## Task description
Write out the data word for word and drop any picture you find.

## Recorded information
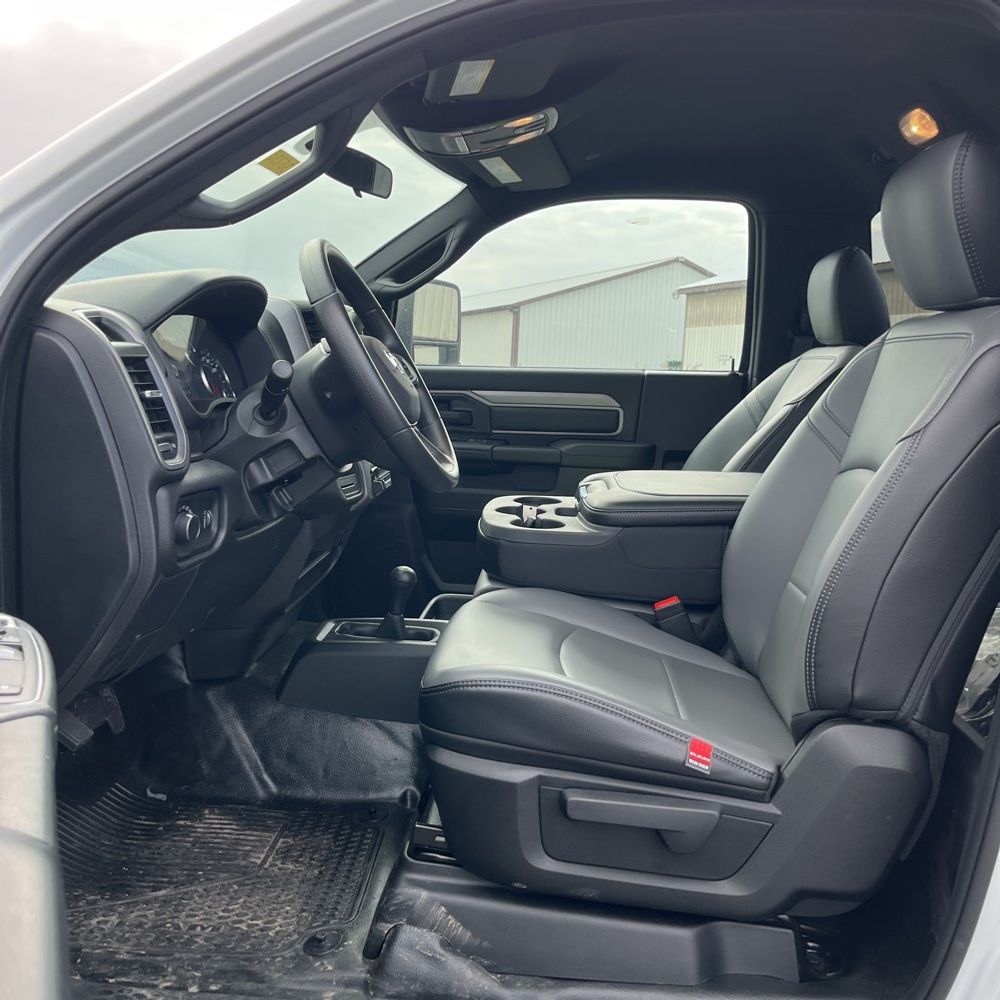 2024 Ram 3500 Cab/Chassis Tradesman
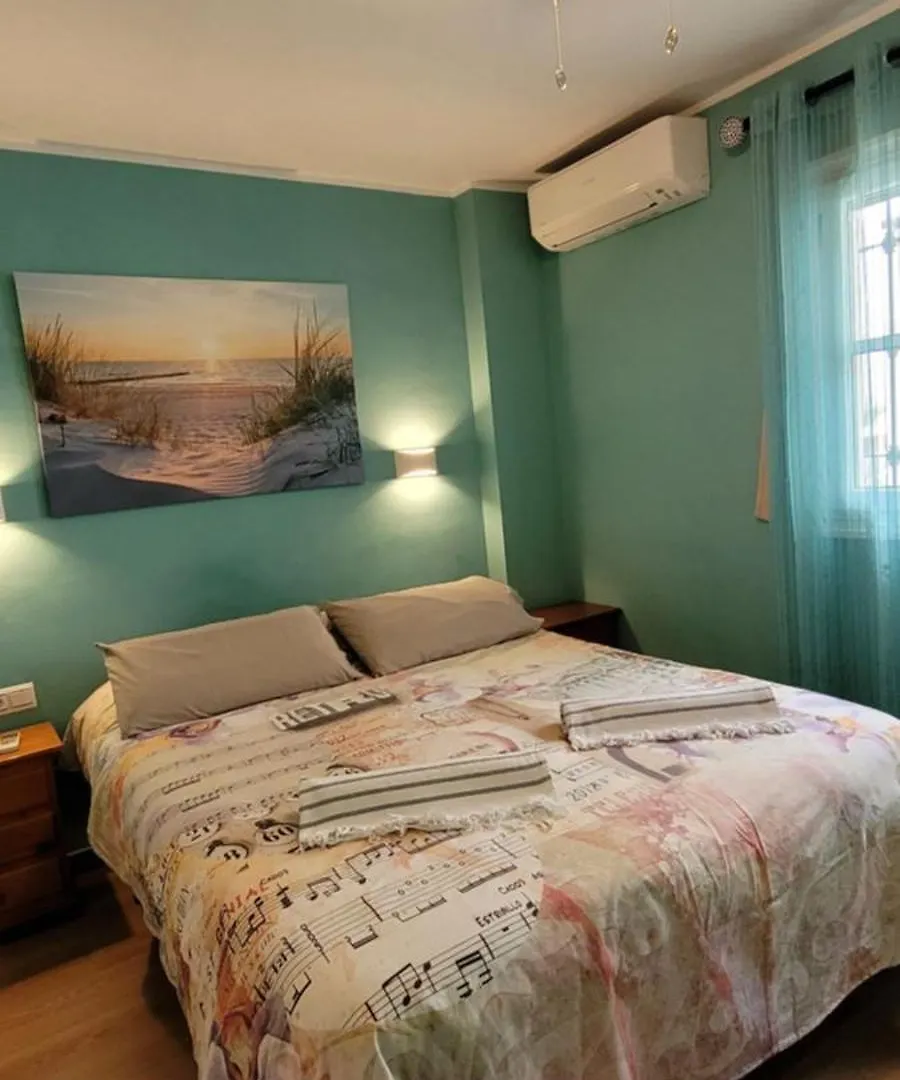Semi-Detached Adosado Con Encanto -130 M2 - Wifi 600 Mb - Piscina Comunitaria - Patio Privado Apartment Torremolinos 0*,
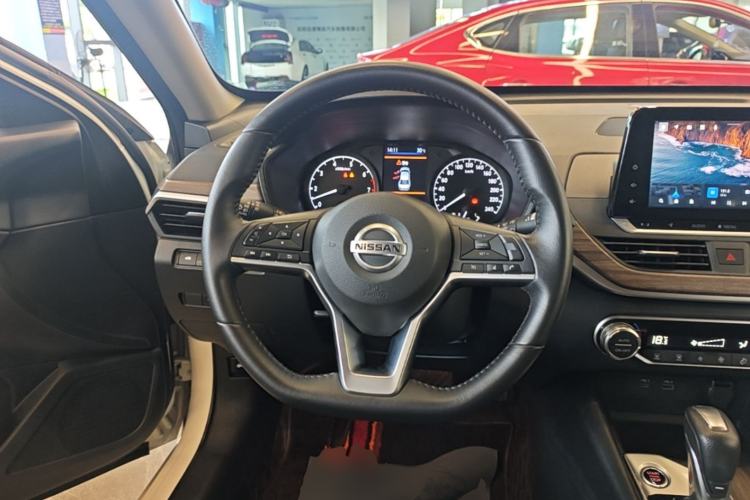 Used Nissan Teana 2021 2.0L XL Comfort Edition Steering Wheel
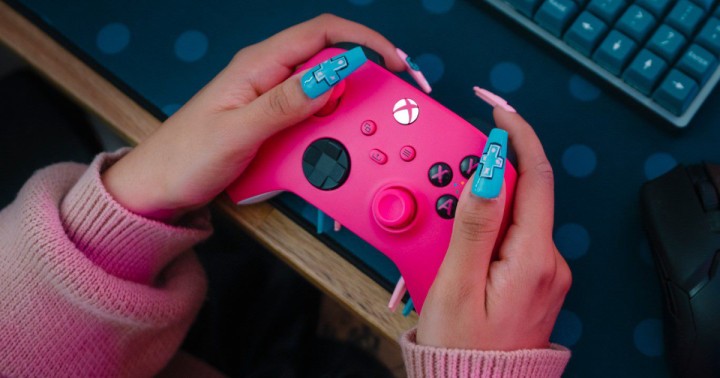 Promocja na kontroler Xbox Series Deep Pink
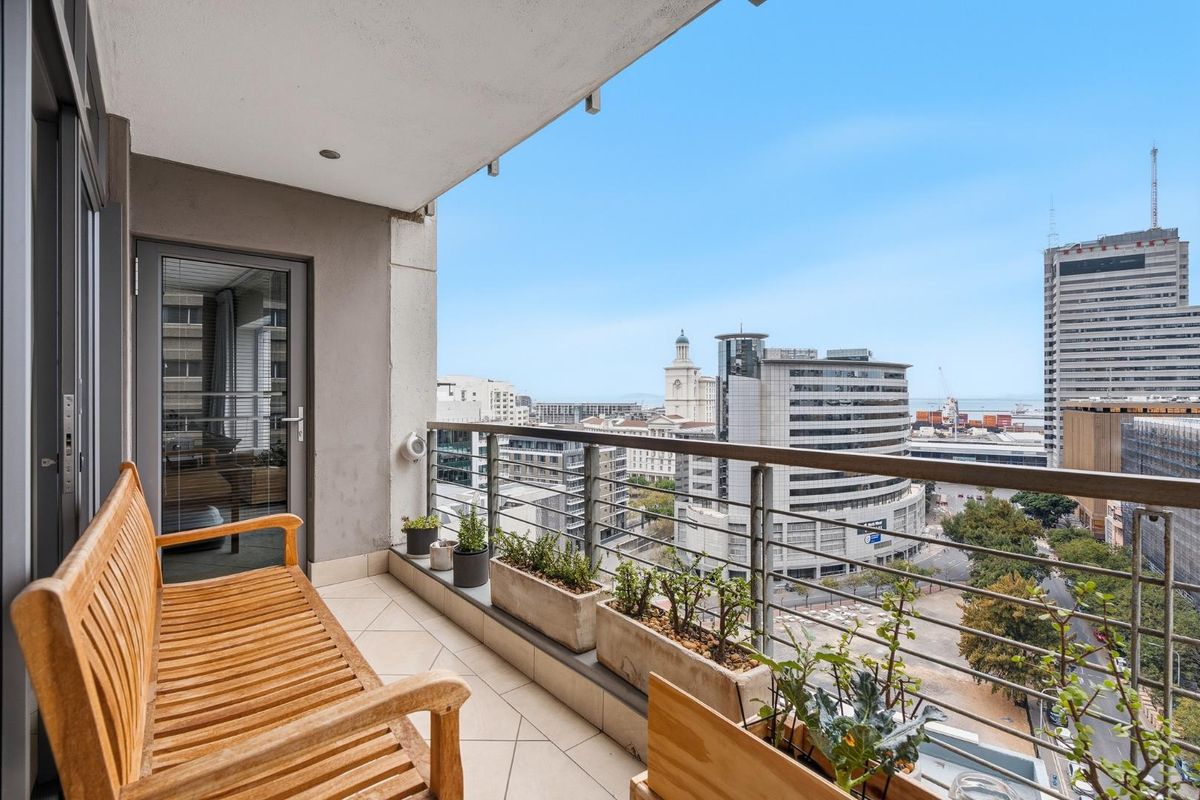 LUXURY, SPACE, GORGEOUS VIEWS IN THE FABULOUS ICON BUILDING - Photo 3
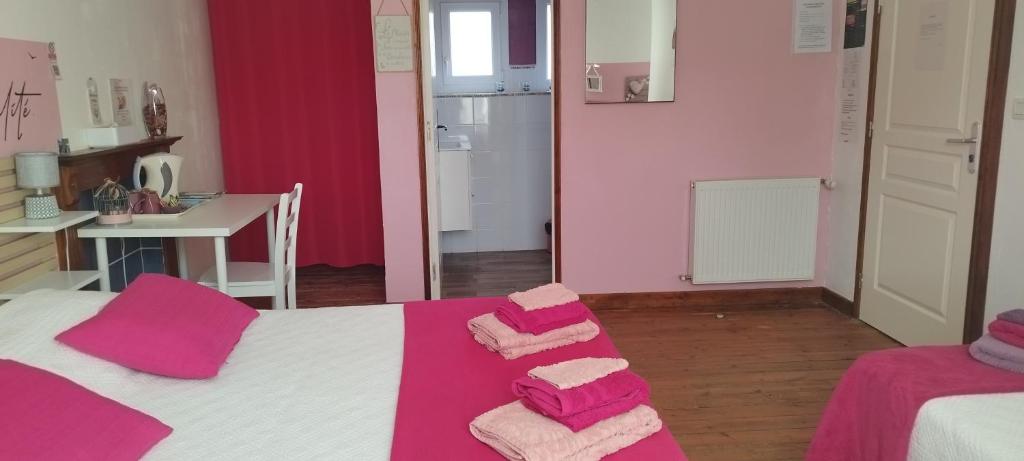 Postel nebo postele na pokoji v ubytování Au Ker Lauriers chambres et table d Hôtes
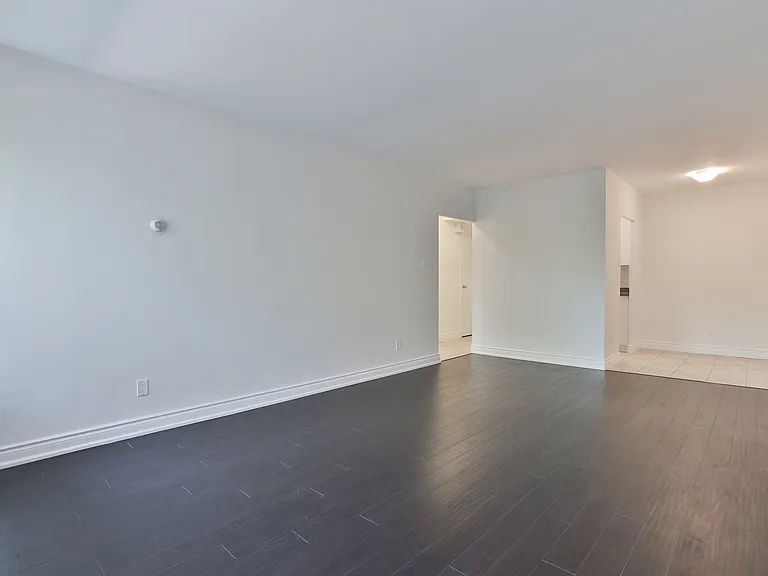 494 Avenue Rd #B — Photo 13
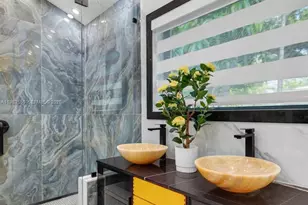 941 NE 119th St, Biscayne Park, FL 33161 - Photo 65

## Answer
 2024 Ram 3500 Cab/Chassis Tradesman
Semi-Detached Adosado Con Encanto -130 M2 - Wifi 600 Mb - Piscina Comunitaria - Patio Privado Apartment Torremolinos 0*,
 Used Nissan Teana 2021 2.0L XL Comfort Edition Steering Wheel
 Promocja na kontroler Xbox Series Deep Pink
 LUXURY, SPACE, GORGEOUS VIEWS IN THE FABULOUS ICON BUILDING - Photo 3
 Postel nebo postele na pokoji v ubytování Au Ker Lauriers chambres et table d Hôtes
 494 Avenue Rd #B — Photo 13
 941 NE 119th St, Biscayne Park, FL 33161 - Photo 65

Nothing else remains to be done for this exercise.